METHODS. Immunohistochemical and Western blot analyses of SPARC protein
expression by low- and high-density cultured HRPE cells were
undertaken. Total RNA extracted from cultures was studied by reverse
transcription–polymerase chain reaction (RT-PCR) and Northern blot
analysis. Western and Northern blot analyses were evaluated by
densitometry. Experiments were repeated with HRPE cells cultured in the
presence of 1, 10, or 100 µM of the differentiating agents butyric
acid (BA) and retinoic acid (RA).
RESULTS. HRPE cell cultures exhibited SPARC immunoreactivity. Western blot
analysis of cell lysates and conditioned media showed a 43-kDa protein.

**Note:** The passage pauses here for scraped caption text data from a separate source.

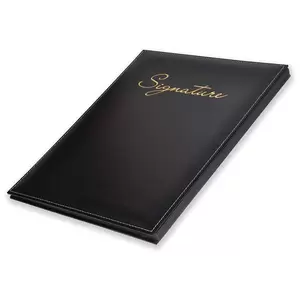 FIS Arabic Open Signature Book 10-Divisions Bonded Leather, Black - FSCL1-10BNABK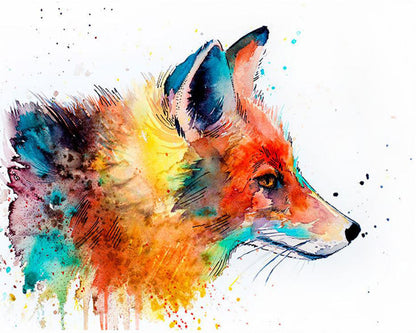 Vibrant Watercolor Fox - 40x50 cm paint by numbers kit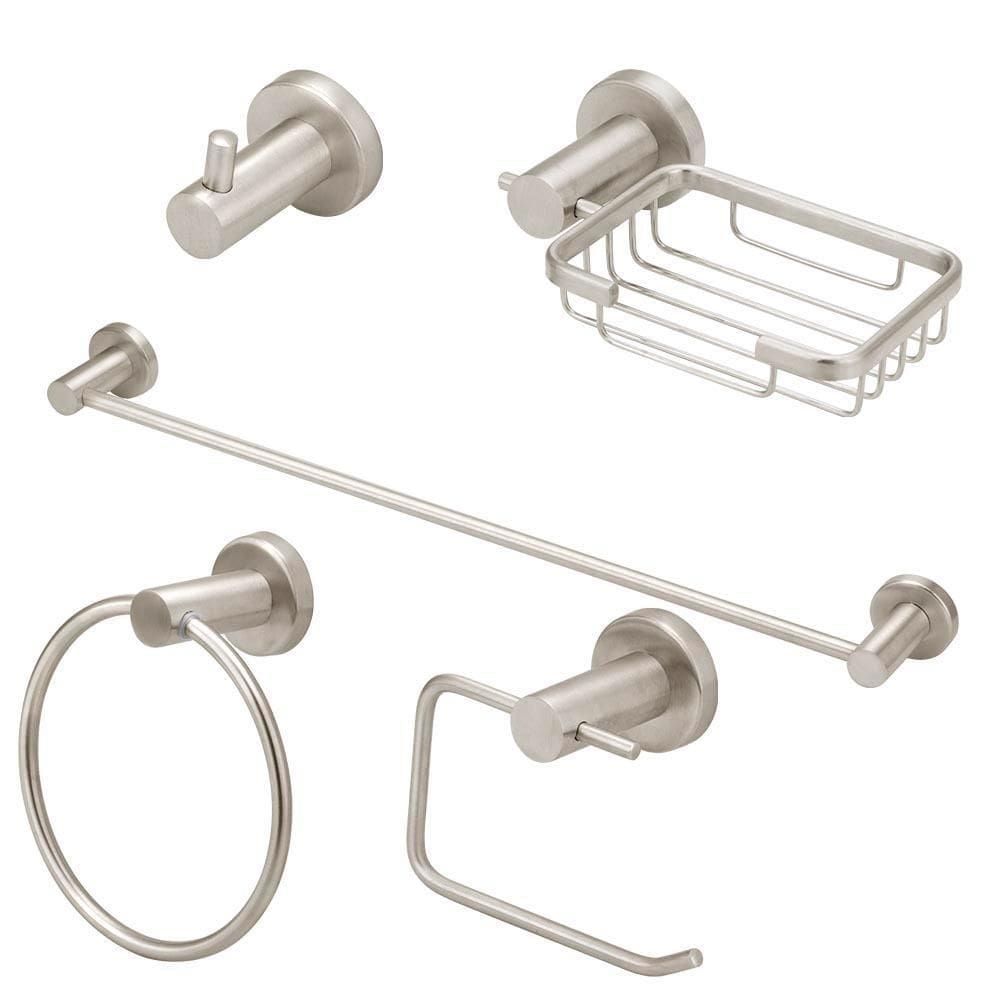 Kit Acessórios Banheiro Completo Inox Escovado 5 Peças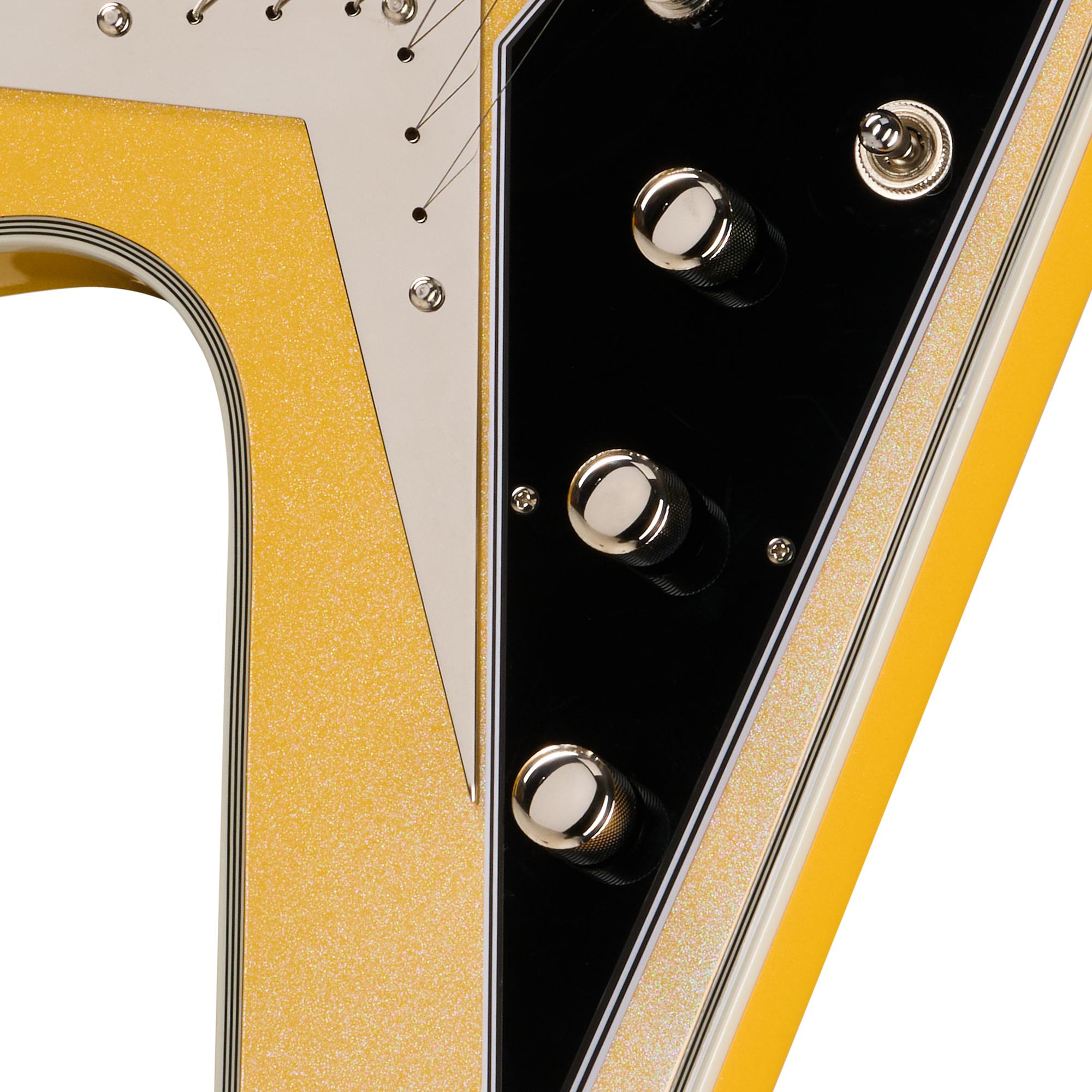 Epiphone Futura Flying V Custom Electric Guitar in Solaris Shift - EIFFVCSLSNH-Controls.jpg
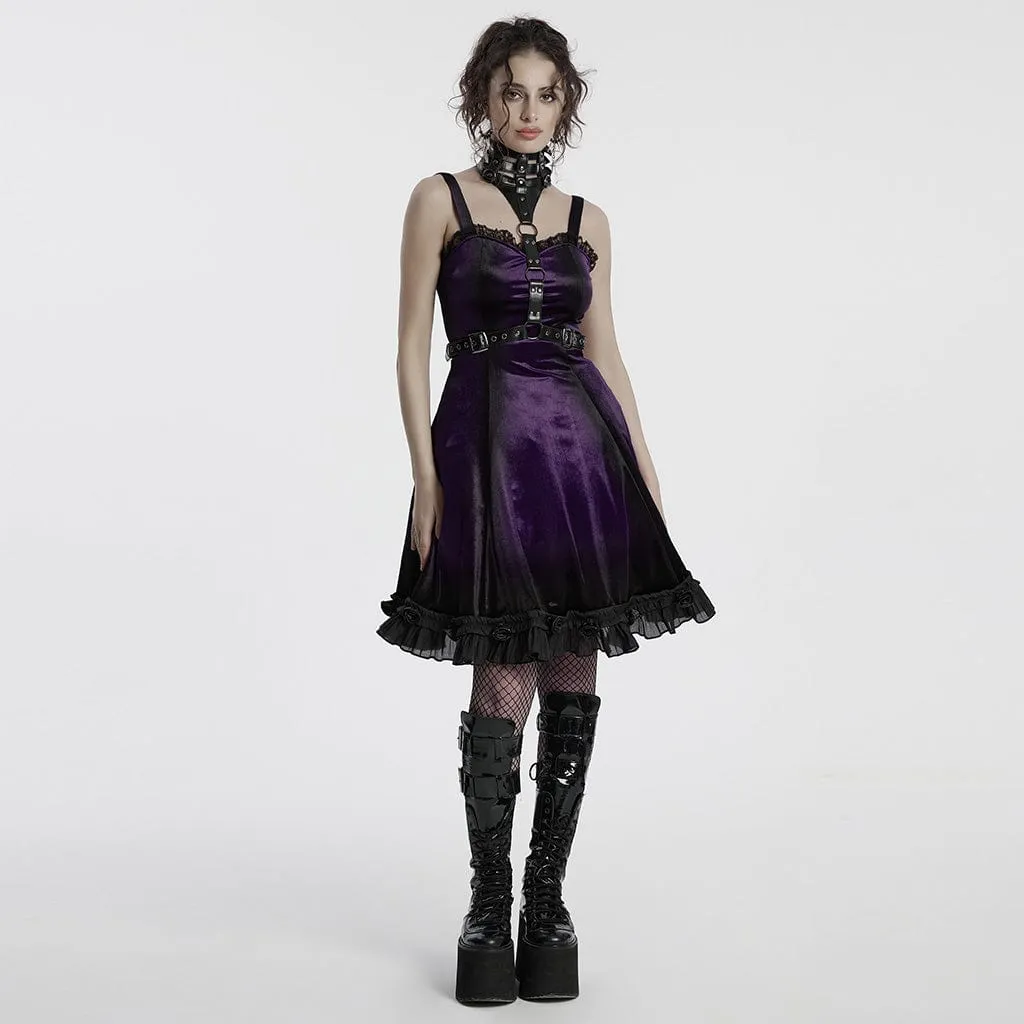 Women's Gothic Ruffled Lace Splice Gradient Velvet Slip Dress Violet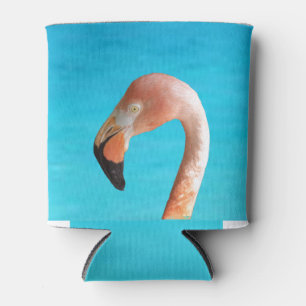 Pink flamingo face against blue water can cooler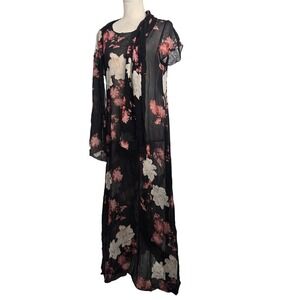 Harari S Two Piece Whimsigoth Maxi Black‎ Floral Sheer Silk Dress and Scarf Set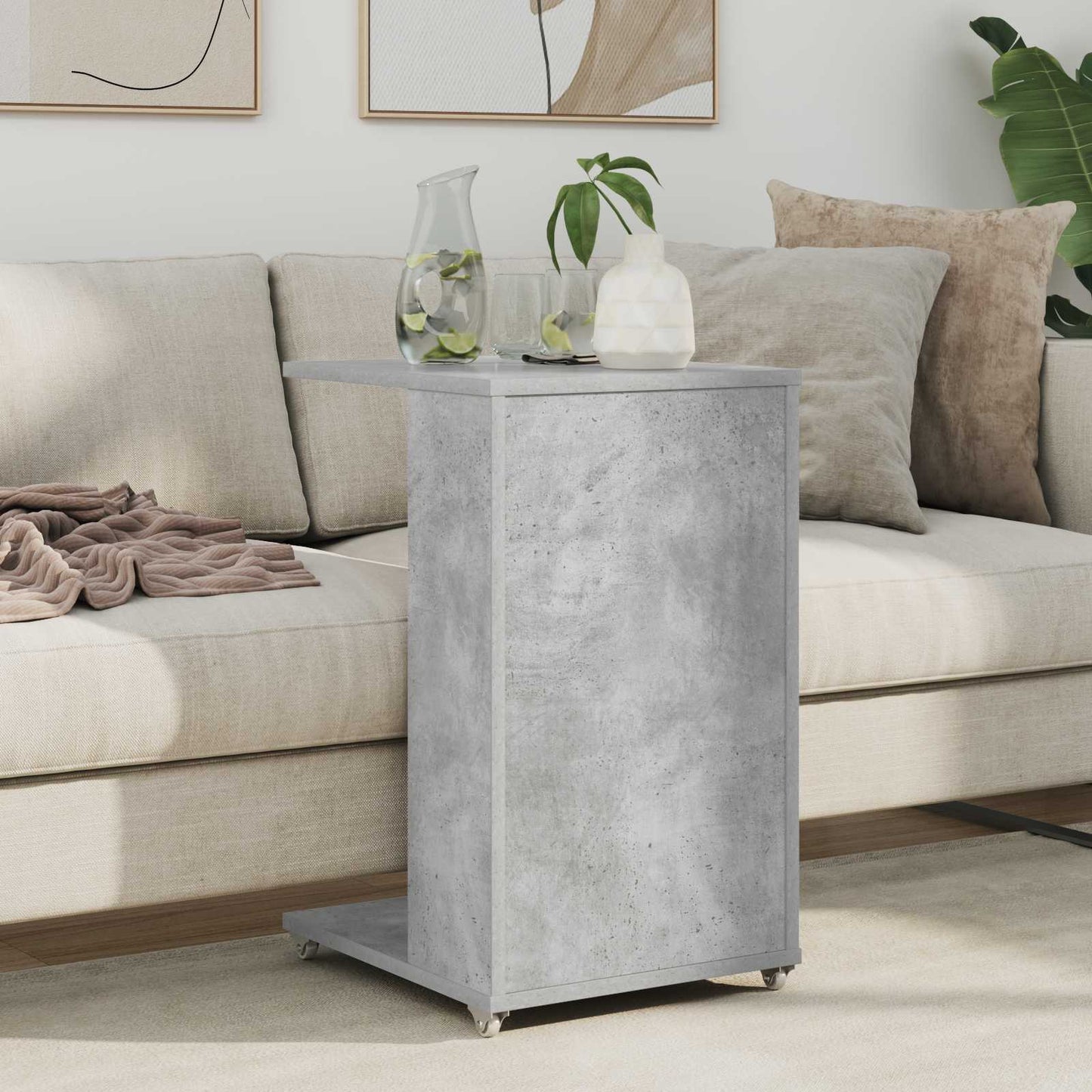 Bijzettafel met wiel Beton Grijs 40 x 35 x 60 cm Bewerkt hout is nu te koop bij PeponiXL, paradijselijk wonen!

RT-PCR and Northern blot analysis confirmed the presence of SPARC mRNA
(with transcripts at 2.2 and 3.0 kb). Protein and mRNA transcript band
densitometry revealed a higher proportion of SPARC protein and mRNA in
high-density HRPE cell culture than in low-density culture. Neither BA
nor RA (at the concentrations assessed) had a significant effect on
SPARC production by HRPE cells in high- or low-density culture.
CONCLUSIONS. HRPE can synthesize SPARC. Although the findings do not support an
invariable association between SPARC production by HRPE and HRPE
proliferation, migration, or differentiation, they demonstrate that
synthesis of SPARC by HRPE is modulated by cell
density.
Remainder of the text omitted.